That explains the jndi lookup, but not why variables are parsed when they are not part of the format string. That just asks for unexpected issues and exploits.
JNDI lookup in it self is not a problem, problem is that user input is not sanitised and can include templates which can have JNDI lookup in them. I would expect user input with {} template symbols to be escaped and not evaluated.
Maybe, but still this seems as vanity feature added because "It would be really convenient"... this wasn't something what was needed, but something what was added to make life of maybe 0.1% of users little bit easier. My guess is that most of users of Log4J2 don't even know that it is able to do such magic, and would be horrified knowing it.
IMHO Log library should log, not do some magic stuff.
The method responsible for variable substitution is here [1].
There are other lookup mechanisms, (didn't check them all) but they only retrieve environment/static values (this one [2] for example retrieves kubernetes attributes). I think the jndi one is the only one that load and execute code.
Edit : I think my understanding of the docs is incorrect so ignore the next paragraph
From the documentation [3], I have the impression that these variables should be evaluated only when loading the pattern layout configuration. But in reality they are also evaluated when formatting the final log message (log.info(...)).

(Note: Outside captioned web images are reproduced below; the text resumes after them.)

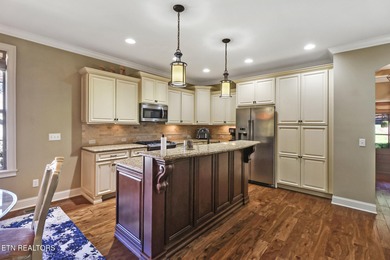 Welcome home to this beautiful 3-bedroom, 2.5-bath brick and on Heatherhurst Golf Course in Tennessee - for sale on GolfHomes.com, golf home, golf lot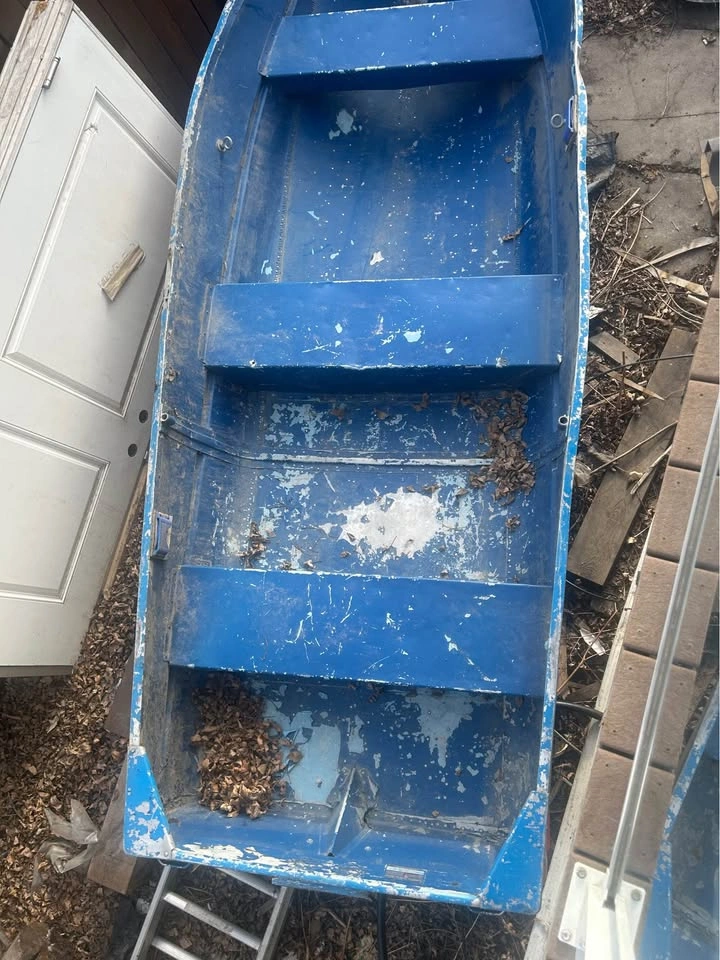 12ft Aluminum Boat - photo 3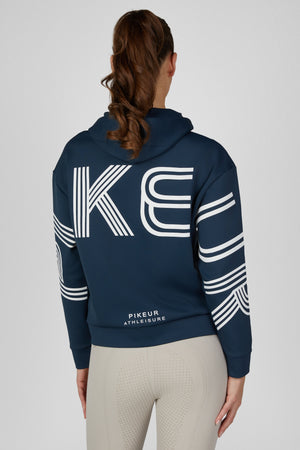 Pikeur ZIP HOODY sweat d'équitation, coloris pine green, porté vue de dos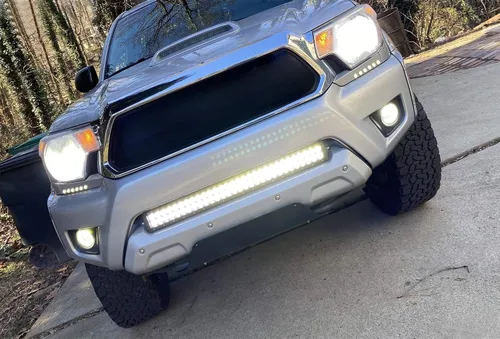 Miniatura 5 de iJDMTOY Kit de barra de luz LED de 30 pulgadas para rejilla inferior compatible con Toyota Tacoma 2005-15, incluye (1) barra de luz LED de alta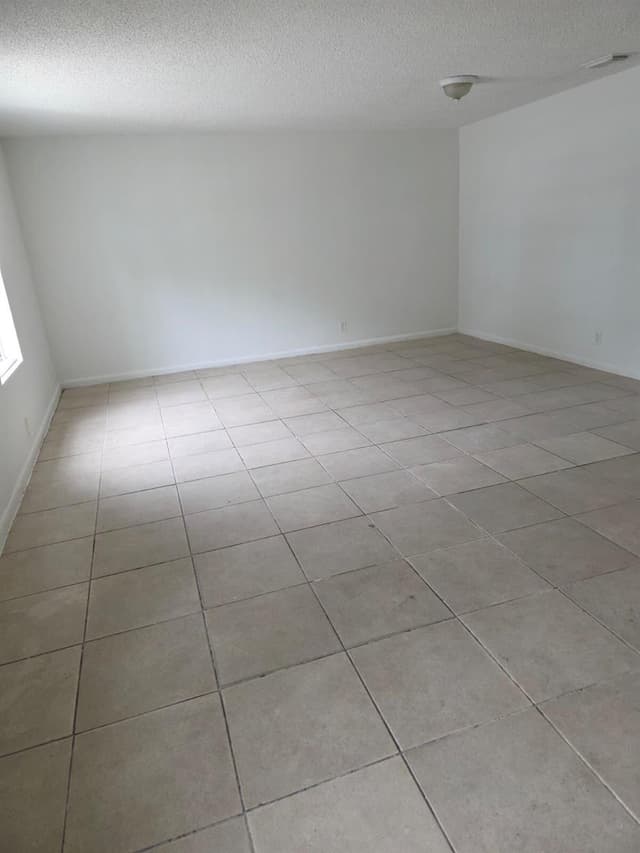 1633 W 28th Street # B, Riviera Beach FL 33404 - Riviera Beach, FL - Photo 5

I agree that the input should be sanitized but only if the formatting behavior is a bug and was not intentional.
One possible explanation for the current situation, is that developers assumed that all lookup mechanism will retrieve only static values (env variables for example).

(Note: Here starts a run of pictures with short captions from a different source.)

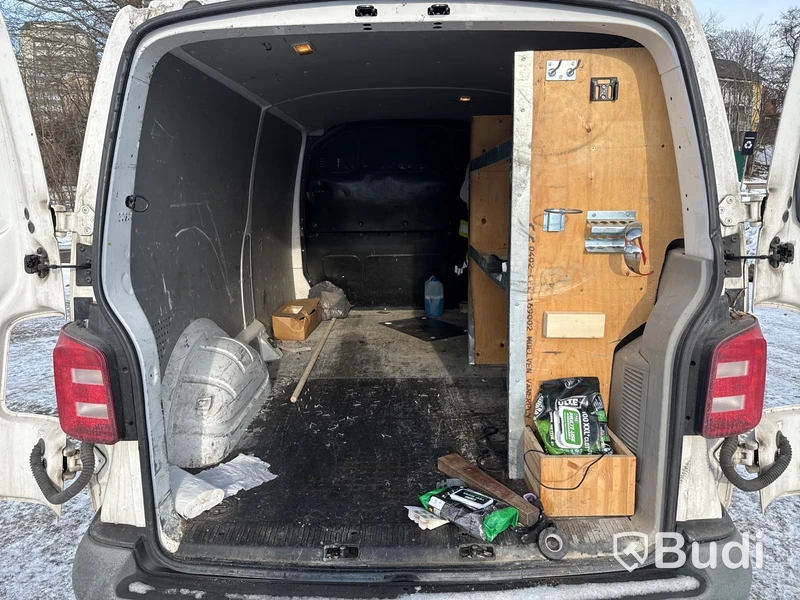 Volkswagen Transporter T30 2.0 TDI | 14770 mil | Automat | 140 hk| 2015
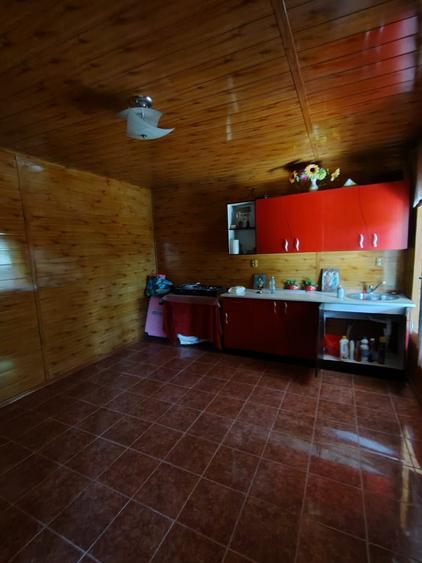 Casă cu 3 camere în Central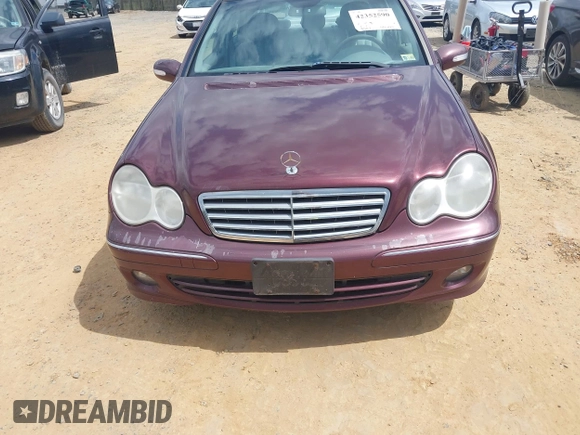 2006 Mercedes-Benz C 280 Luxury z VIN WDBRF92H66F768910, wystawiony jako IAAI lot #42352590 z przebiegiem Nie podano mil oraz . Historia ofert i sprzedaży dostępna na DreamBid. Obrazek 6.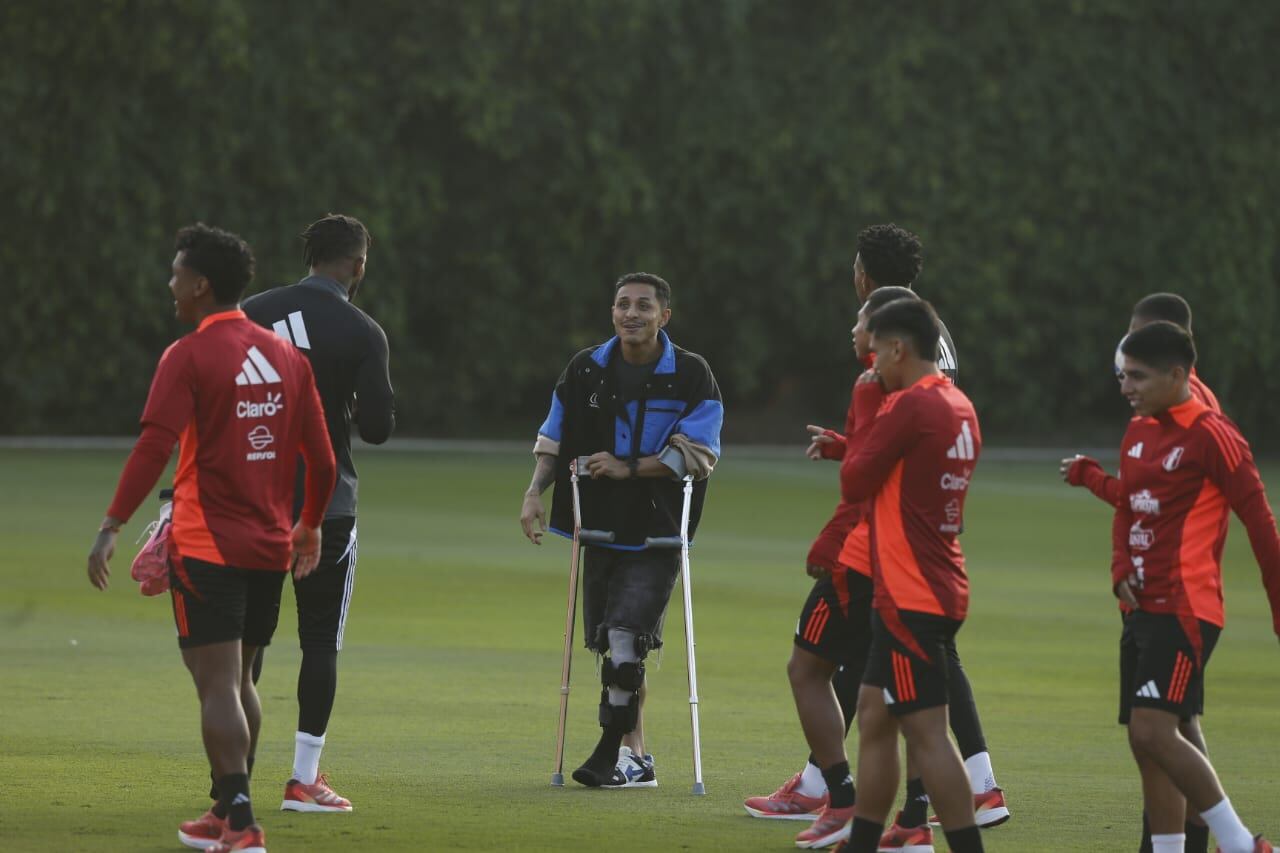 Previo al amistoso contra Paraguay en Lima, Yoshimar Yotún vistió a sus compañeros de la Selección Peruana. (Foto: Fotos: Violeta Ayasta/@photo.gec).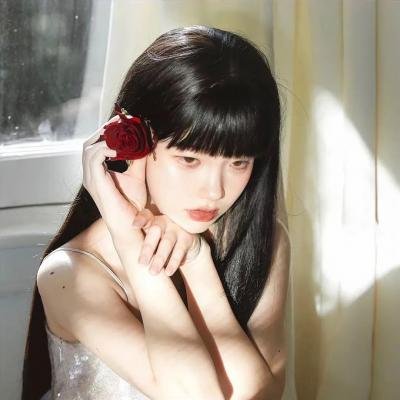不装了,我比英雄还强 海报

And then another dev introduced the jndi lookup which execute code, but no one noticed the impact on the already existing behavior (evaluation variable when formatting the final msg).
> I agree that the input should be sanitized but only if the formatting behavior is a bug and was not intentional.
Non-pattern arguments should not do any substitution, because otherwise developers have to jump through hoops to output strings verbatim. You don’t want "Invalid identifier: '${<some valid log4j syntax>}'" to be turned into "Invalid identifier: '<the log4j replacement>'" when the actual invalid identifier (e.g. from user input) was the "${…}" syntax. I’m surprised that log4j behaves that way still after two decades.
Recursive replacement is somewhat of a WTF yes but not really in a causitive relationship ro this vulnerability, right? The main cause is the order in which ${} variables are evaluated. They are evaluated after substitution of `{}` in the format string, instead of before. That's the key behavior problem.
A simple rule such as "If you evaluate a placeholder of type `{}` you should stop evaluating further recursively" would maintain most of existing behavior while only removing vulnerable behavior.
> I agree that the input should be sanitized but only if the formatting behavior is a bug and was not intentional.
The behavior is fundamentally wrong as explained by layer8's comment and in the blog post jcheng linked. Apparently it was intentional, and to me that's a million times worse than if it were a bug that could just be fixed.
log4j is unsuitable for use in a way that many many people are suddenly discovering today. The log4j developers need to rethink this, and even if they do, log4j's users should still strongly consider switching to something else. Otherwise they need to audit the whole codebase for other surprising, broken, insecure design decisions not only in its present state but also on each update. I don't see how it's possible to trust the log4j developers' design sensibilities after this.
> Apparently it was intentional, and to me that's a million times worse than if it were a bug that could just be fixed.
I've been on an 'archaeological dig' into the Log4j commit history, and sure enough, there's evidence that the formatting behavior was intentional from the outset.